We have chosen to use the medium-scale implementation of fminunc, in which the user must supply an initial value for x0. The user, however, does not need to supply the initial Hessian matrix $\beta_0$ as by default $\beta_0 = I$ under the medium-scale implementation. Therefore, the first iteration of fminunc follows the method of steepest descent. We define $x_k$ as being optimal if $|\nabla f(x_k)| < 10^{-6}$, where $|\nabla f(x_k)|$ is the magnitude of the gradient of the likelihood function, $|\nabla \mathcal{L_\beta}|$. The gradient function, $\nabla f(x_k)$, is derived using a forward finite differencing scheme. If $x_k$ is not optimal, then we proceed to solve for the search direction $p_k$. A mixed quadratic/cubic line search procedure (described below) is used to determine an appropriate step-size $\alpha_k$, which allows us to update to our new position $x_{k+1}$.

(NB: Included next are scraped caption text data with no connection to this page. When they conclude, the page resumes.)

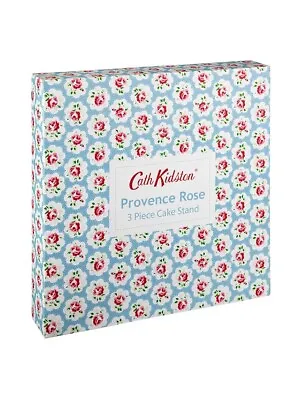 £28 • Buy 3 Tier Cath Kidston Cake Stand, Provence Rose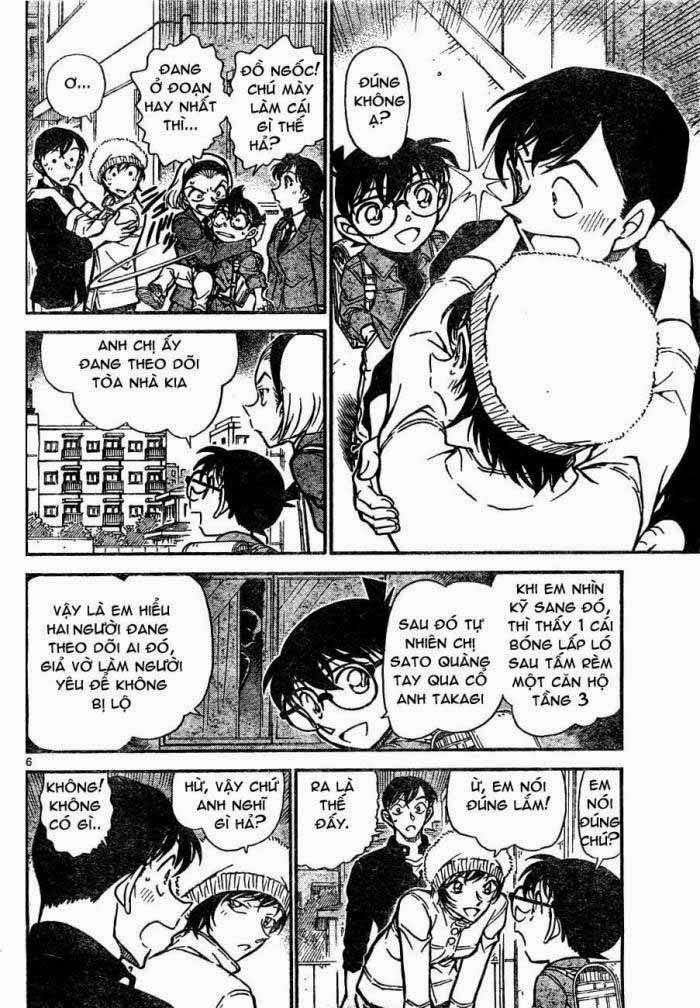 Thám Tử Conan Chap 625 - Next Chap 626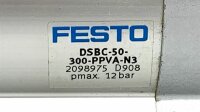FESTO DSBC-50-300-PPVA-N3 Normzylinder Zylinder 2098975 D908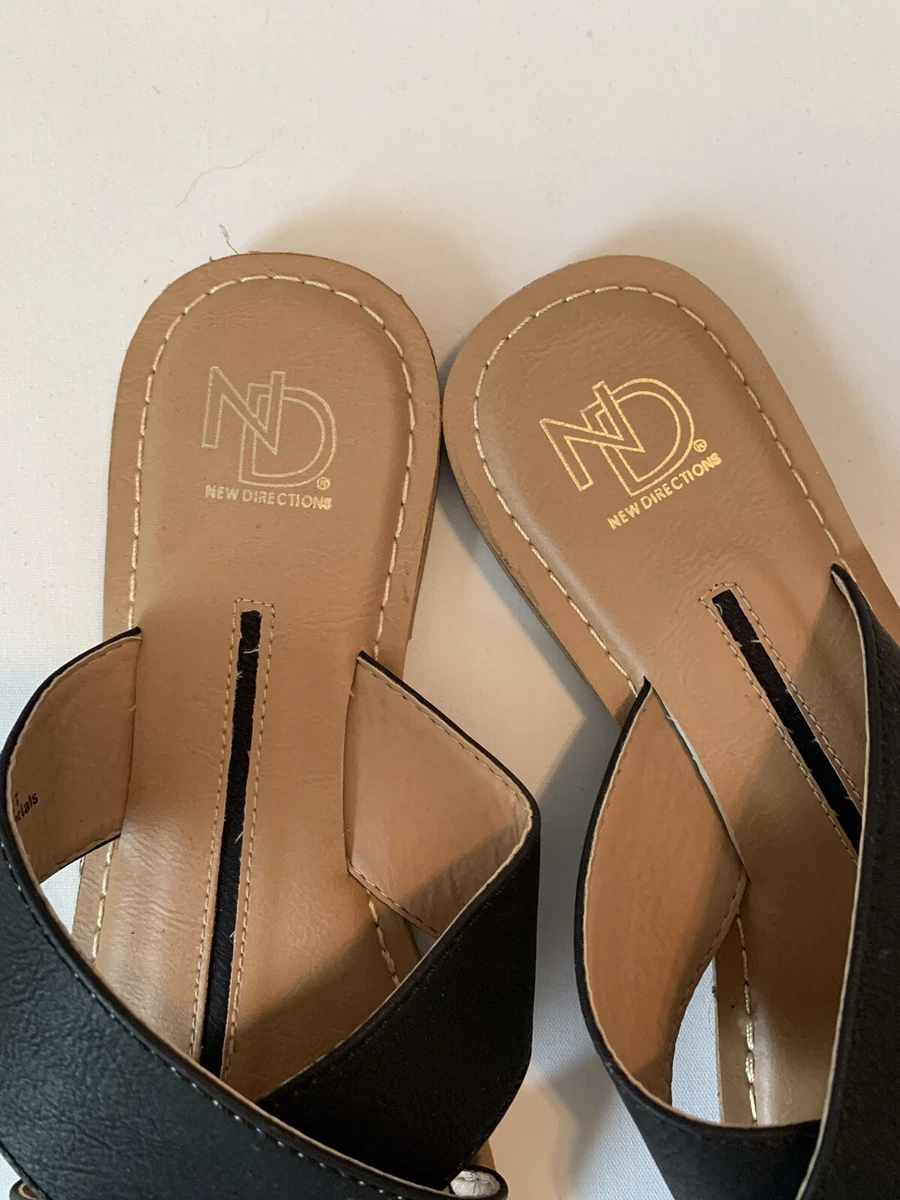 New directions platform best sale sandals
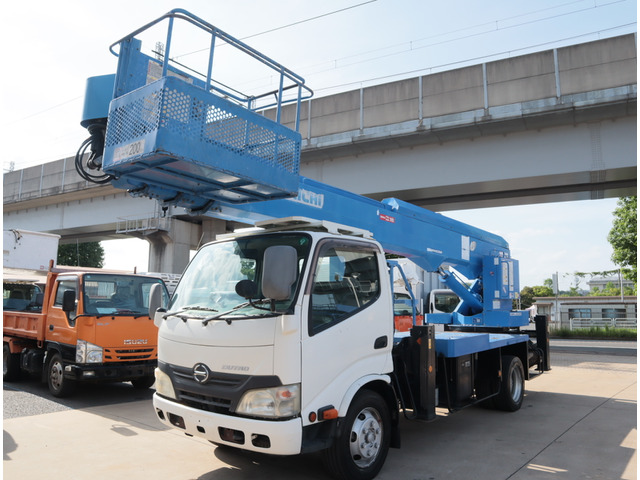 デュトロ 高所作業車 アイチ 22.1m バケット200kg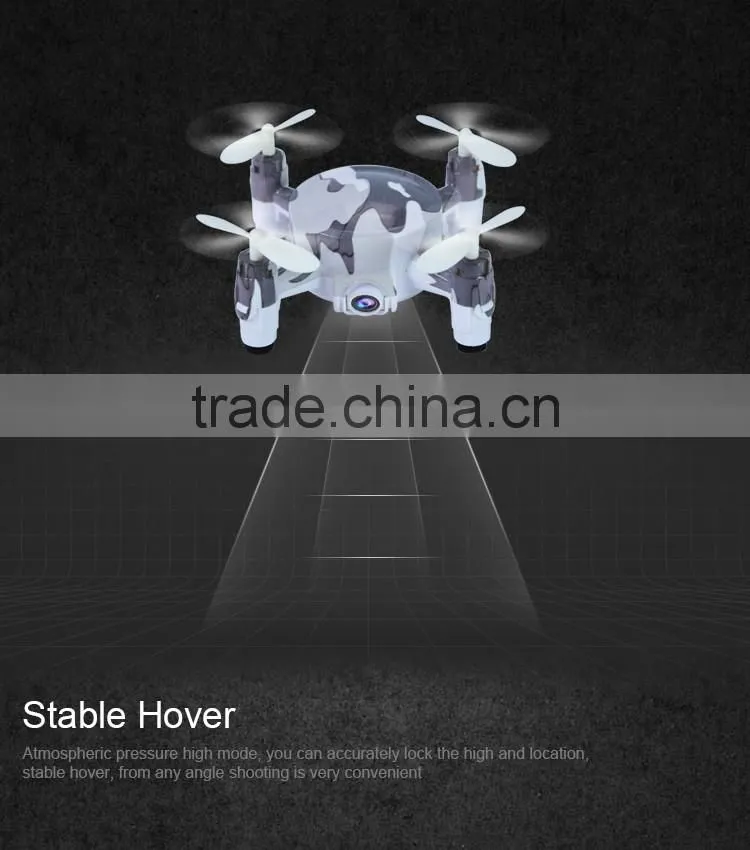 Mini Drones with Camera WIFI Drone 1MP Camera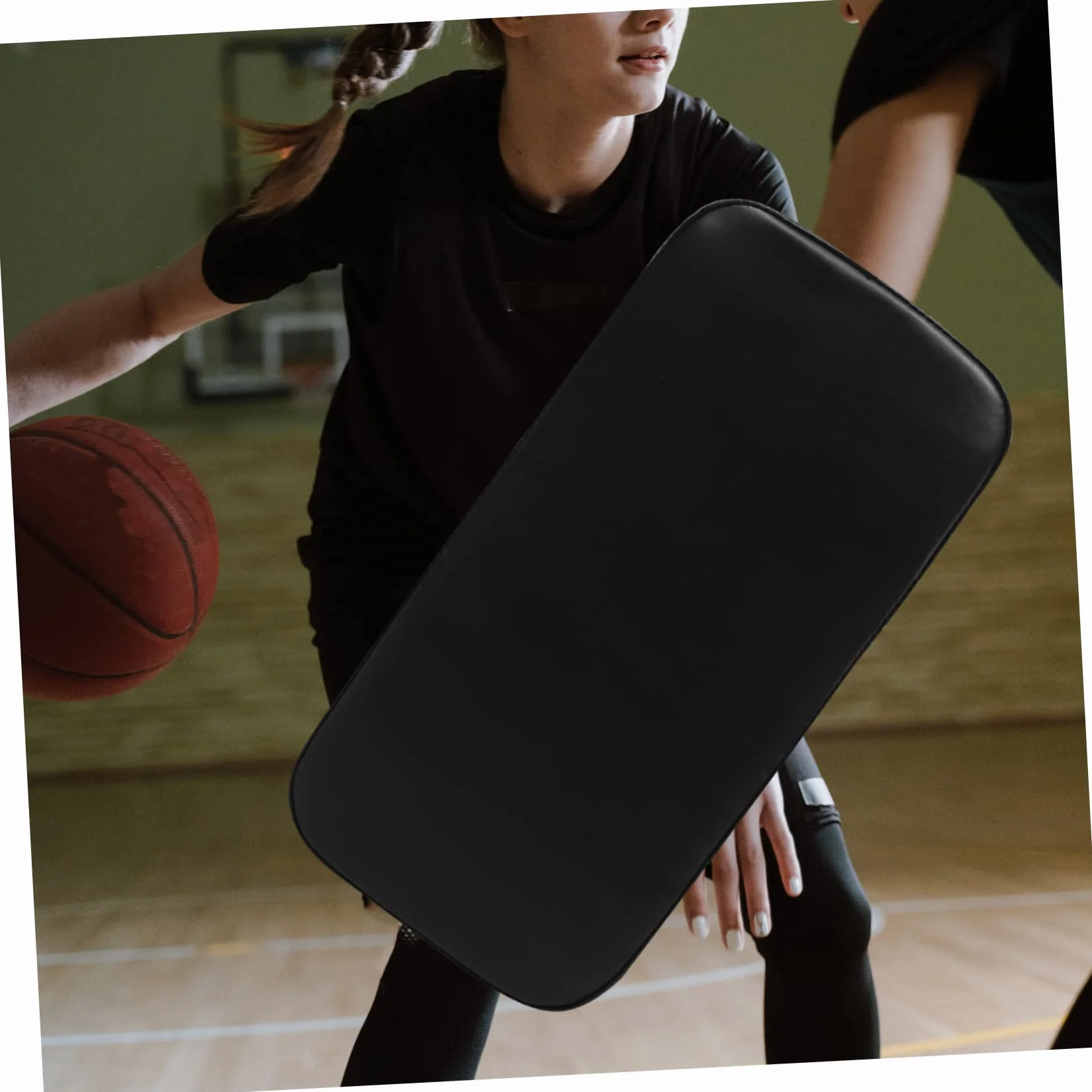 Anneome Cuscino da Allenamento Basket Pad di Blocco Multiuso in PVC e Pelle PU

The BFGS update formula falls into a broader class of rank two update formulas that maintains both symmetry and positive definiteness (SPD) of the Hessian approximation. Preservation of SPD ensures that the search direction is always a descent direction. The general rank two update formula is given by
$\beta_{k+1} = \beta_k - \frac{(\beta_k s_k)(\beta_k s_k)^T}{s_k^T \beta_k s_k} + \frac{y_k y_k^T}{y_k^Ts_k} + \phi(s_k^T\beta_k s_k)v_k v_k^T,$
where $\phi$ is a scalar and
$s_k = x_{k+1}-x_{k}, \quad y_k = \nabla f(x_{k+1})- \nabla f(x_k), \quad v_k =\frac{ y_k}{y_k^T s_k}-\frac{\beta_k s_k}{s_k^T \beta_k s_k}.$
The BFGS Hessian update is obtained by setting $\phi = 0$, and therefore simplifies to
$\beta_{k+1} = \beta_k - \frac{(\beta_k s_k)(\beta_k s_k)^T}{s_k^T \beta_k s_k} + \frac{y_k y_k^T}{y_k^Ts_k}.$

LINE SEARCH PROCEDURE

A mixed quadratic/cubic line search procedure is used in order to determine a suitable step-size $\alpha_k$. The line search procedure operates by first perturbing the initial point $\lambda_1$, along the line of steepest descent in order to obtain a second point $\lambda_2$. The two points along with the initial gradient approximation are used to obtain a quadratic interpolation. A third point, $\lambda_3$, is obtained through extrapolation of the quadratic interpolant, and brackets the minimum such that $\lambda_1 < \lambda_2 < \lambda_3$. Using each of $\lambda _{i}$, for $i=\{1,2,3\},$ and the first gradient approximation, allows us to obtain a cubic interpolant, whose minimum, $\hat{\lambda}$, estimates the true minimum. We then proceed to bisect the bracket interval using two of $\lambda_{i}$ along with the minimum estimate $\hat{\lambda}$ to obtain a new cubic interpolant, and the process repeats.